Once you have located the line containing "Game of Thrones" in the material below, return it exactly along with each line after it through the line containing "Ordförande Ylva Johansson".

Information shown:
- Opening Delimiter -
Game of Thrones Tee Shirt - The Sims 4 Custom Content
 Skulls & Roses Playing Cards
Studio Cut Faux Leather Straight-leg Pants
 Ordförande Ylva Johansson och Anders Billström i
- Closing Delimiter -
- Opening Delimiter -
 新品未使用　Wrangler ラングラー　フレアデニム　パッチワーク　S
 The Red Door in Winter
- Closing Delimiter -
- Opening Delimiter -
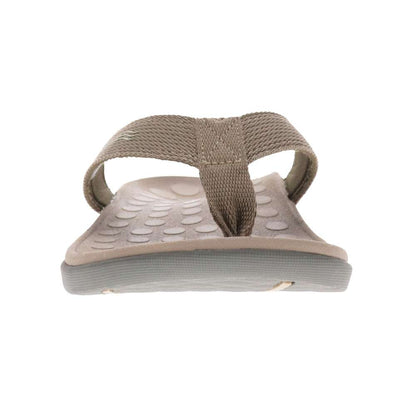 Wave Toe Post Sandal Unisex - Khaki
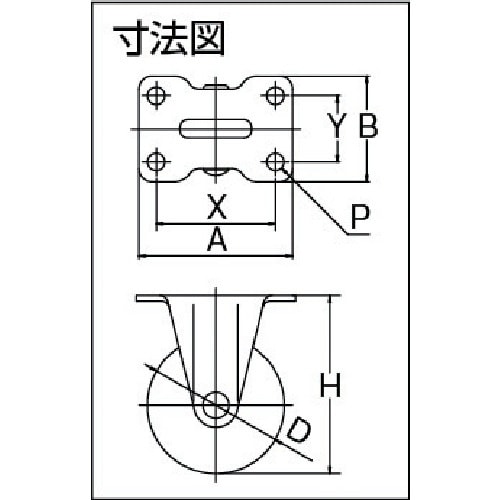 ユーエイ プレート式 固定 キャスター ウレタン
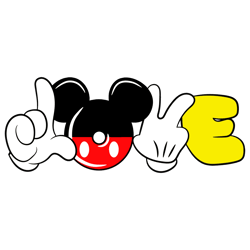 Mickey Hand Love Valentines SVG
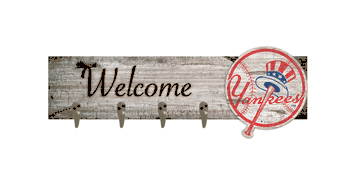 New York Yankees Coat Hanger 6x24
- Closing Delimiter -
Response for this exercise:
Game of Thrones Tee Shirt - The Sims 4 Custom Content
 Skulls & Roses Playing Cards
Studio Cut Faux Leather Straight-leg Pants
 Ordförande Ylva Johansson och Anders Billström i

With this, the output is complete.